Characterization of KL-divergence Barycenters

In this post I’ll record a simple but instructive calculation, giving a basic template for characterizing optimizers of functionals on probability space: Let $\Delta^m := {( \lambda_1, \lambda_2, \dots, \lambda_m) \in \mathbb{R}^m \mid \lambda_j \geq 0, \sum_{j=1}^m \lambda_j = 1}$ be the $m$-dimensional probability simplex. Let $\mathcal{V} = {\nu_1, \dots, \nu_m}$ be a family of probability measures on $\Omega \subseteq \mathbb{R}^d$ such that $\nu_j \propto \exp(-V_j)$ for some nonnegative continuous functions $V_j$.

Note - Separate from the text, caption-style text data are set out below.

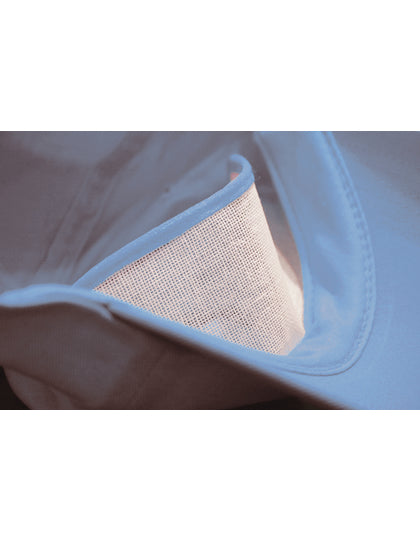 Cotton Cap – Bild 16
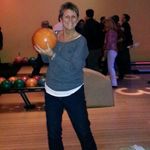 Patti Raymond Cahill - @patti.r.cahill - Instagram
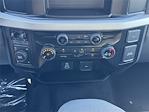 2026 Ford F-250 Crew Cab 4WD Pickup for sale #TEC38366 - photo 20
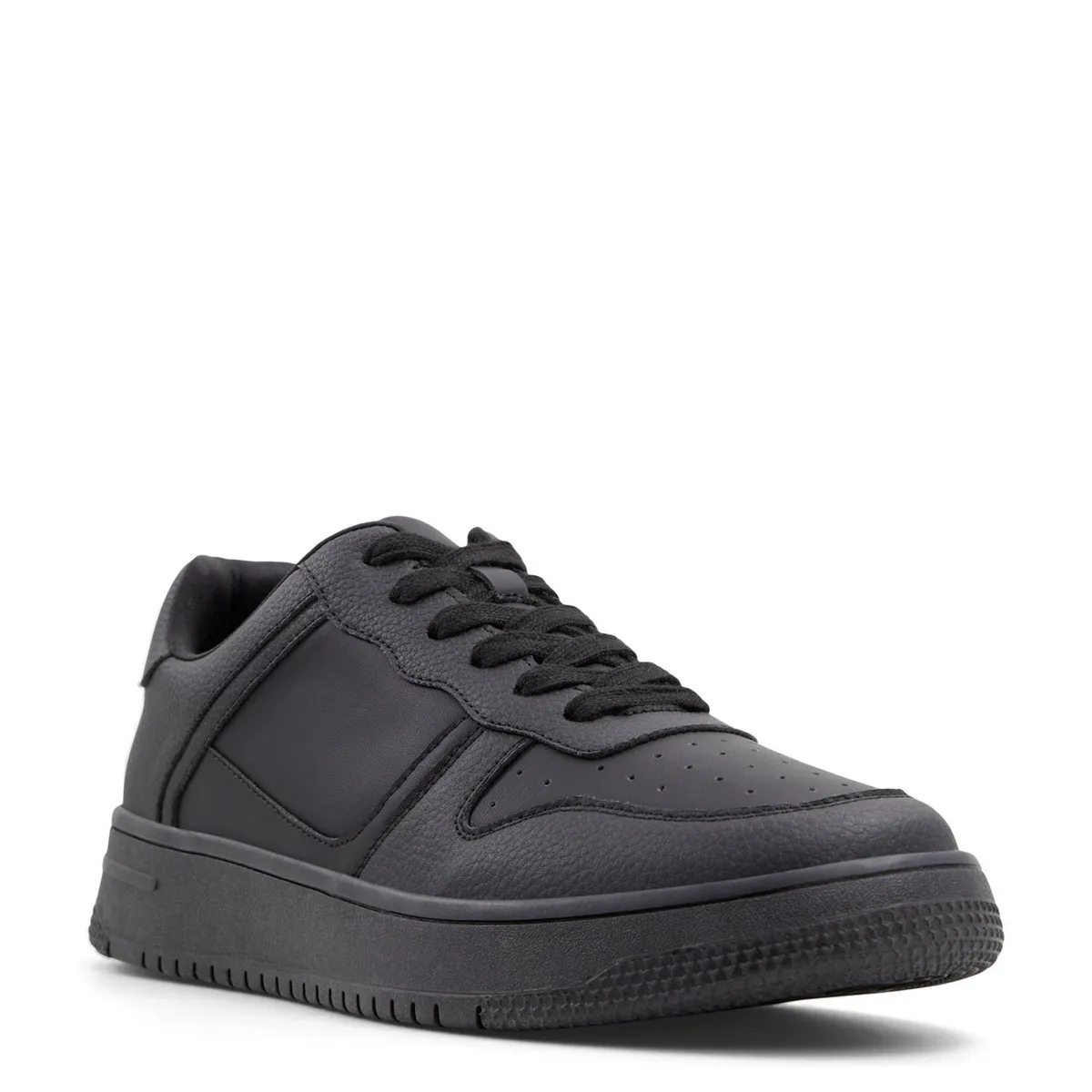 CALL IT SPRING - Zapatilla Urbana Hombre Negro Call It Spring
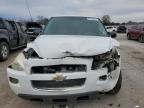 2008 Chevrolet Uplander Ls for Sale in Florence, MS - Front End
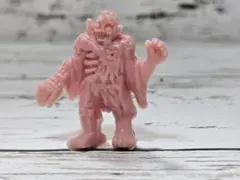 週末値下げネクロスの要塞 ゾンボーグ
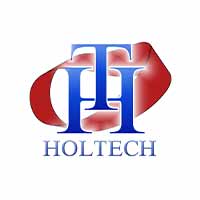 Holtech Andrzej Holiczer - Biura projektowe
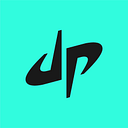 Dude Perfect Official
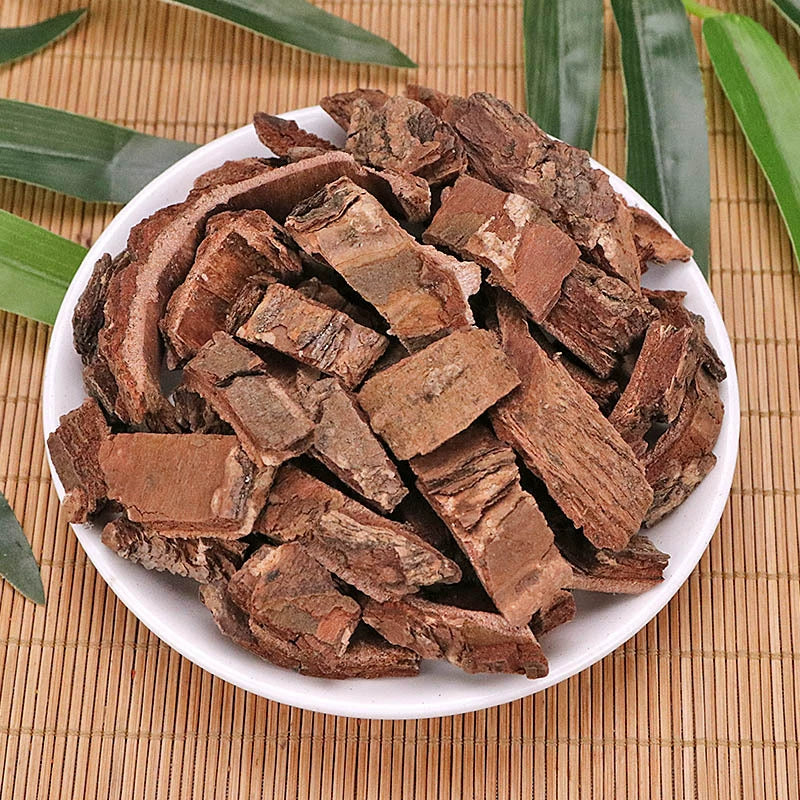 Cortex Pseudolaricis Powder Golden Larch Bark Herb Powder Tu Jing Pi Fen-Pure Chinese Herb™
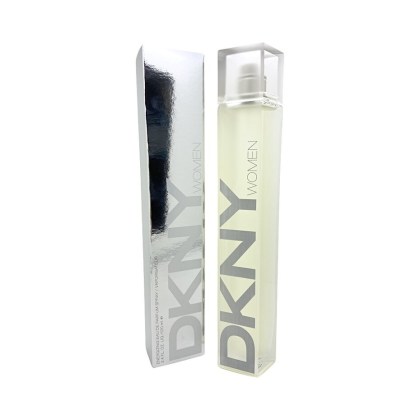 donna-karan-donna-karan-dkny-pour-femme-eau-de-par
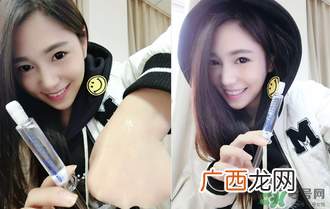 zuzu水光针多少钱一支？zuzu水光针价格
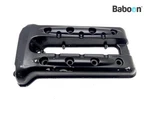 Valve Cover Bmw 1999-2003 (K1200LT 99) (1464817). Fixed Price $116.80.
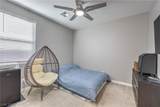 10089 Desert Azure Street - Photo 29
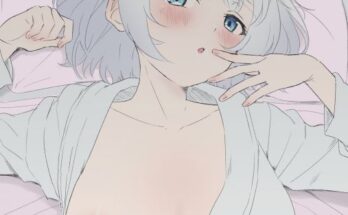 Siesta [Tantei wa Mou Shindeiru] hentai 19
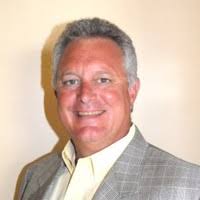 Al Fox Email & Phone Number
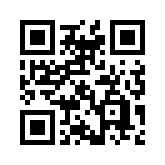 QR-Code https://ppt.cc/B4v-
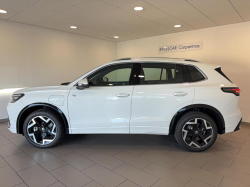 Annonce 486363173/1945809 picto2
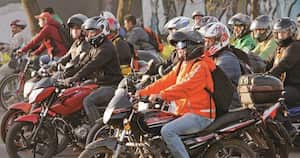 Foto: Archivo Semana.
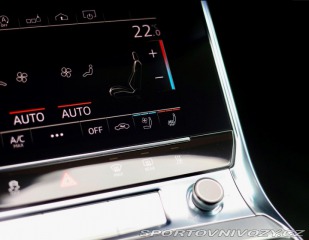 Audi RS6 Avant  ABT -R  1 zo 125 * 2020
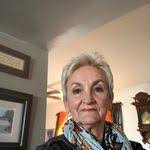 Sandra Coberly's Instagram, Twitter & Facebook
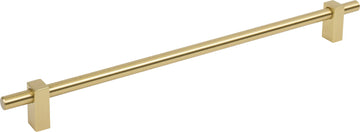 Larkin 305 mm cc Bar Pull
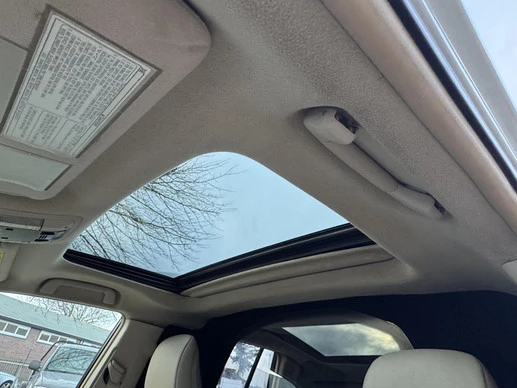 Toyota Land Cruiser - Afbeelding 11 van 30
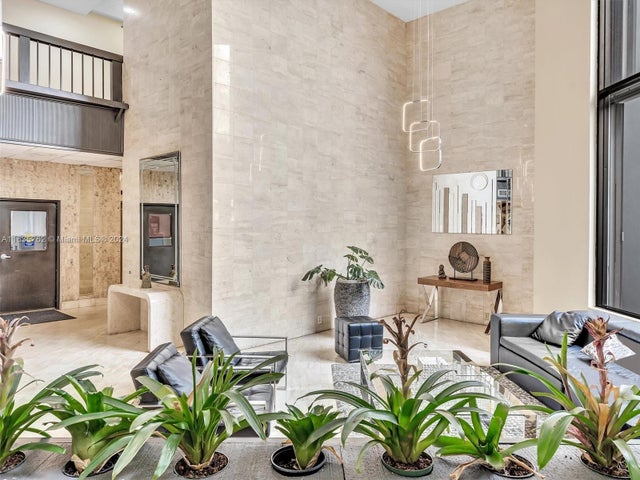 5 of 59 - 2750 Ne 183rd St 1108, Aventura, FL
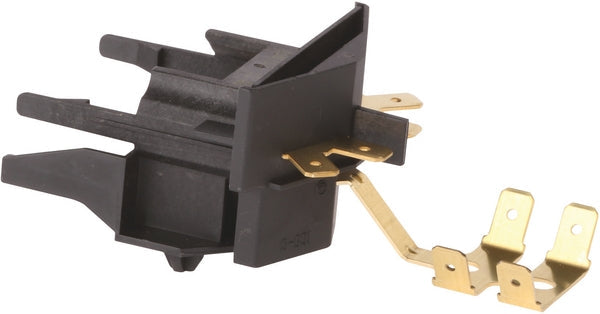 00659922 Svorkovnice do trouby Bosch | Siemens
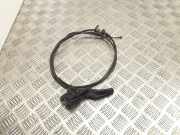 Griff Klappenzug Opel Vectra C Caravan (Z02) 24421819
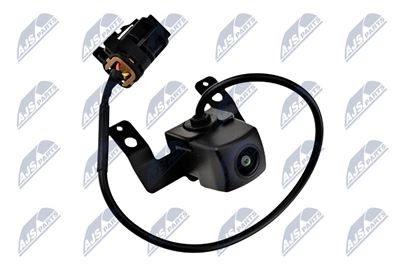 Achteruitrijcamera OEM 95750-4V000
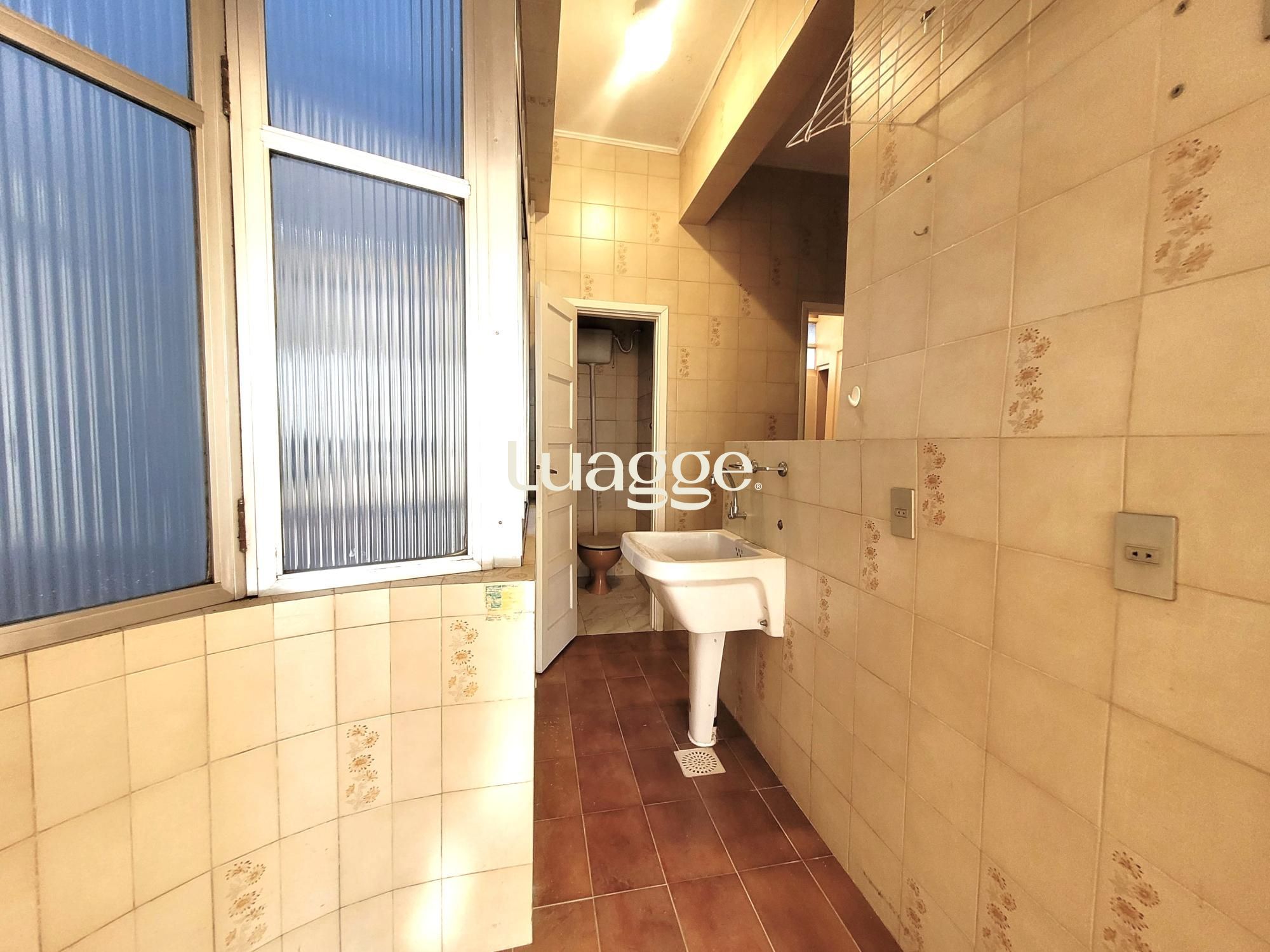 Apartamento à venda com 2 quartos, 103m² - Foto 25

For any $\lambda \in \Delta^m$, define $\mathcal{K}_{\lambda, \mathcal{V}}( \mu) := \sum_{j=1}^m \lambda_j\ \mathrm{KL}( \mu \mid \nu_j)$, where $\mathrm{KL}$ denotes the Kullback–Leibler divergence.

Let $\mu_\lambda := \text{argmin}_{\rho \in \mathcal{P}( \Omega)} \mathcal{K}_{\lambda, \mathcal{V}}( \rho)$. We wish to characterize the set $M := {\mu_\lambda \mid \lambda \in \Delta^m}$.

We will do this using first-order calculus on the space of probability measures.

Definition 1
Let $\mathcal{P}_{\text{abs}}( \Omega) \subseteq \mathcal{P}( \Omega)$ be the set of probability measures which are absolutely continuous with respect to the Lebesgue measure, and let $\mathcal{F} : \mathcal{P}( \Omega) \to \mathbb{R} \cup {+\infty}$ be a functional. If $\mathcal{F}( \rho) < \infty$ for all $\rho \in \mathcal{P}_{\text{abs}}( \Omega)$, we say that $\mathcal{F}$ is regular.

Definition 2
Let $\mathcal{F}$ be a regular functional, let $\mu \in \mathcal{P}_{\text{abs}}( \Omega)$, and suppose that there exists a continuous function $\frac{\delta \mathcal{F}}{\delta \mu}( \mu): \mathbb{R}^d \to \mathbb{R}$ such that, for all $\rho \in \mathcal{P}_{\text{abs}}( \Omega)$:

\[\lim_{\epsilon \to 0} \frac{\mathcal{F}( \mu + \epsilon \chi) - \mathcal{F}( \mu)}{\epsilon} = \int \frac{\delta \mathcal{F}}{\delta \mu}( \mu) \, d\chi, \quad \chi := \rho - \mu.\]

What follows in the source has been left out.